Here is a simplified overview of the gradient boosting process:

**Base Model**: The first weak learner is trained on the original dataset.

**Residual Calculation**: The difference between the actual values and the predicted values of the first model (residuals) is computed. The subsequent weak learners are then trained to predict these residuals.

**Learning Rate**: A small learning rate is introduced to control the contribution of each weak learner. This helps in preventing overfitting and makes the learning process more robust.

**Sequential Training**: The next weak learner is trained to correct the errors made by the combined predictions of the previous models. The process is repeated iteratively.

**Final Prediction**: The final prediction is the sum of the predictions from all the weak learners, each scaled by the learning rate.

The "gradient" in gradient boosting refers to the optimization of the loss function using gradient descent. The algorithm minimizes the loss by iteratively moving in the direction of steepest decrease in the loss function. This ensures that each new weak learner focuses on the instances that were poorly predicted by the previous models.

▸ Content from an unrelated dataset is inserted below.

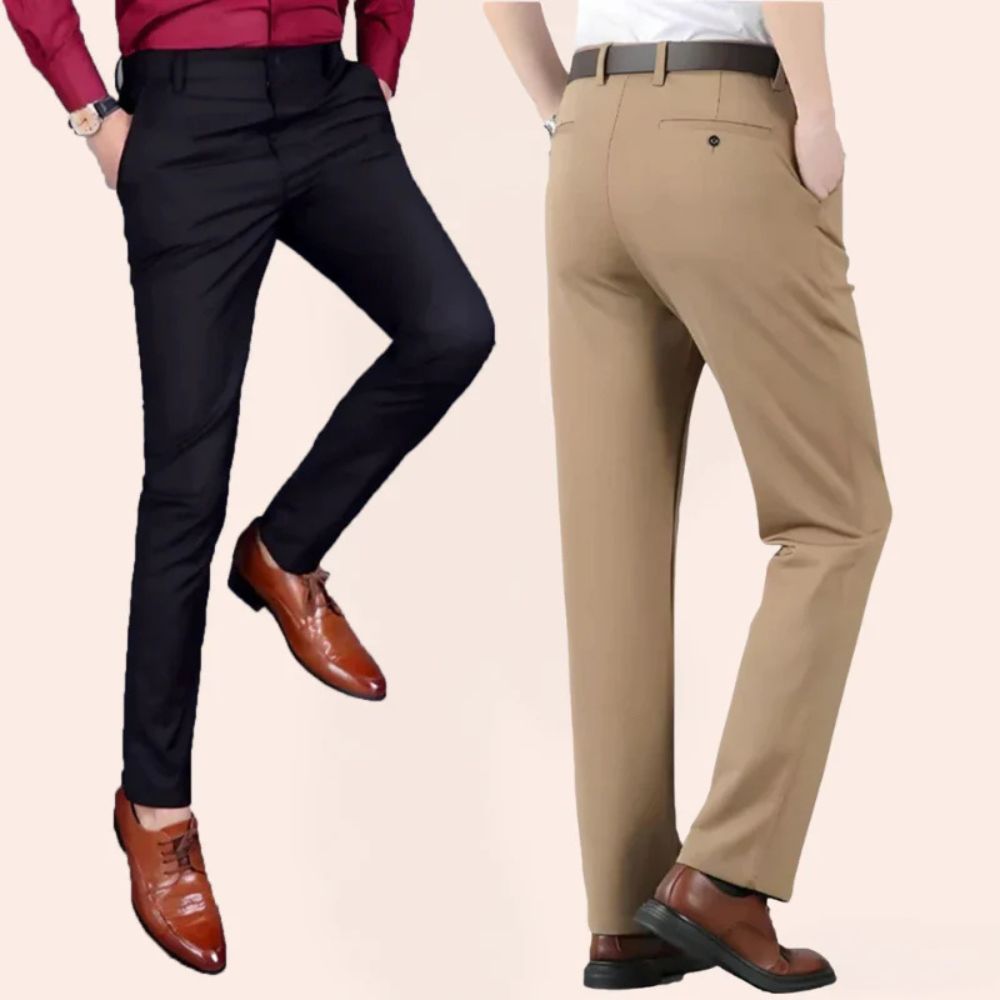 Pantalon met stretch en slanke pasvorm voor heren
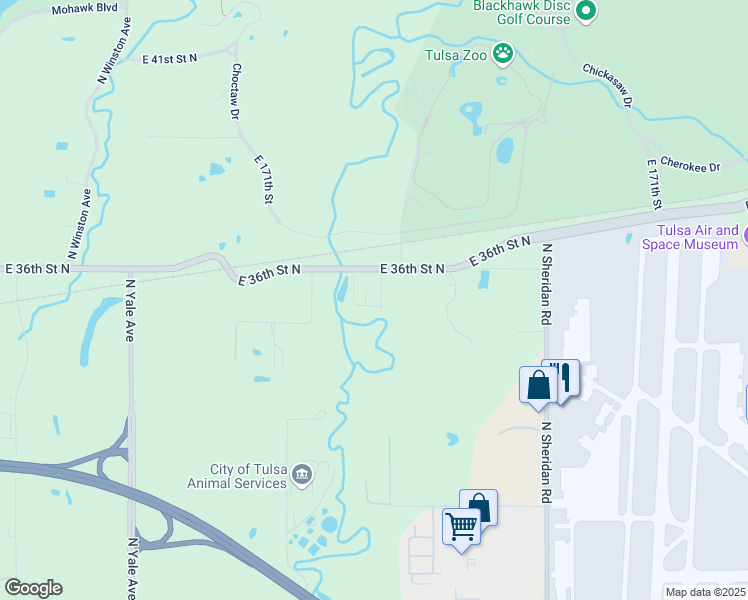 map of restaurants, bars, coffee shops, grocery stores, and more near 5603 East 36th Street North in Tulsa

Gradient boosting can be applied to both regression and classification problems. It is known for its high predictive accuracy and robustness. Popular implementations of gradient boosting include XGBoost (eXtreme Gradient Boosting), LightGBM (Light Gradient Boosting Machine), and scikit-learn's GradientBoostingRegressor and GradientBoostingClassifier.

In summary, gradient boosting is an ensemble learning technique that builds a strong predictive model by sequentially adding weak learners and optimizing a loss function through gradient descent. It has proven to be effective in a wide range of machine learning tasks.

In [1]:
# Load in libraries
from sklearn import datasets
from sklearn.model_selection import train_test_split

# Create X, y and training/test sets
iris = datasets.load_iris()
X = iris.data
y = iris.target

X_train, X_test, y_train, y_test = train_test_split(
    X, y, test_size=0.4, random_state=42)

# Import the classifier
from sklearn.ensemble import AdaBoostClassifier

ada_classifier = AdaBoostClassifier(n_estimators=50, learning_rate=1.5, random_state=42)
ada_classifier.fit(X_train,y_train)

print('Validation Accuracy: Adaboost', ada_classifier.score(X_test, y_test))

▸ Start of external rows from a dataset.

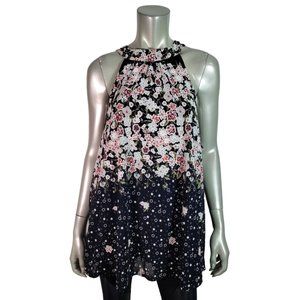 Siren Lily Top Plus Size 2X Lined Stretch Floral Sleeveless Casual Pullover Blue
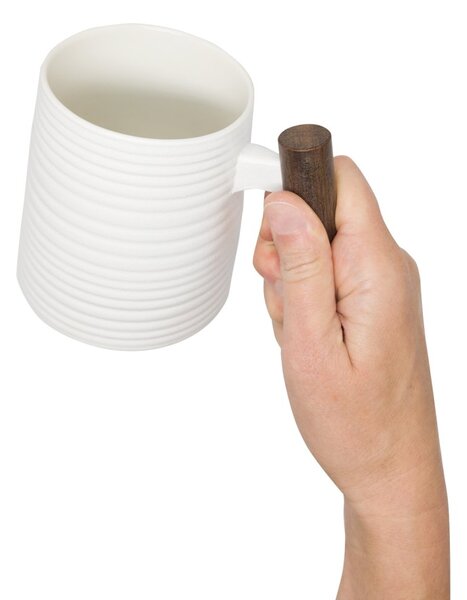 Porcelánový hrnek Tea Logic White Relief, bílý, dřevěná rukojeť, matný, 400 ml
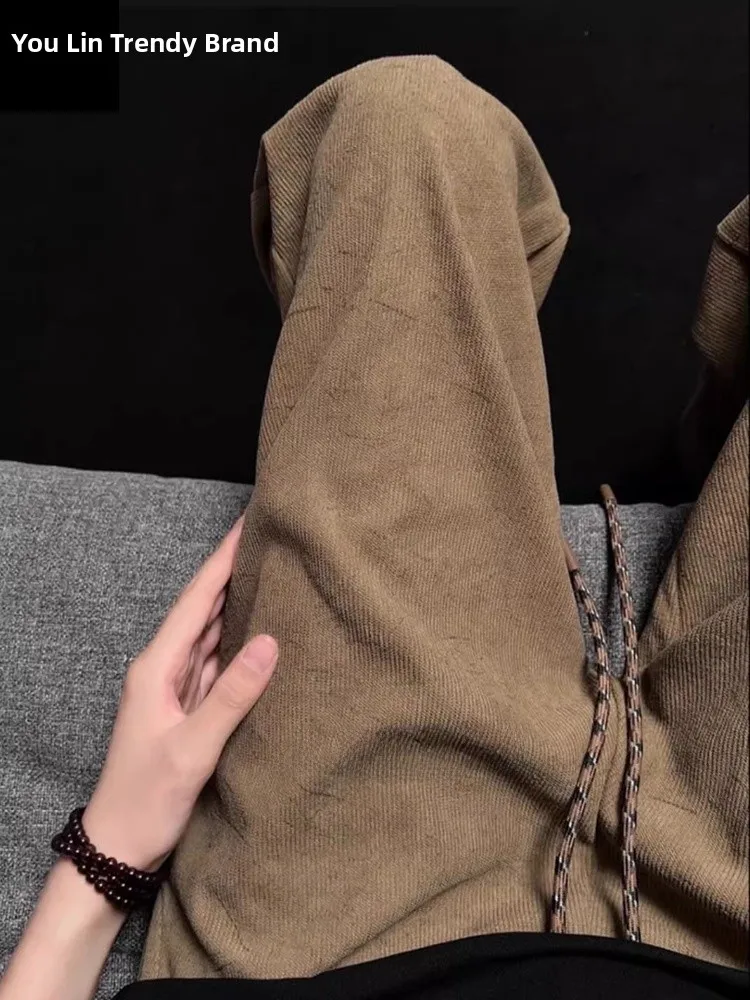 

Мужские брюки из вельвета цвета хаки с узором, в американском ретро-стиле, прямого кроя, повседневные, осенние, удобные, свободного кроя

Validation Accuracy: Adaboost 0.9666666666666667


In [2]:
# Load xgboost and fit the model
from xgboost import XGBClassifier

xg_classifier = XGBClassifier(n_estimators=50, random_state=42, eval_metric='merror')

xg_classifier.fit(X_train,y_train)

print('Validation Accuracy: Adaboost', xg_classifier.score(X_test, y_test))

Validation Accuracy: Adaboost 0.9833333333333333


We increased the accuracy a little bit here, but in order to make a decision on which type of classifier is better, we would need more data. **The xgboost method is a popular machine learning algorithm and is behind many winning entries in Kaggle competitions**, so it's not a bad choice to begin with.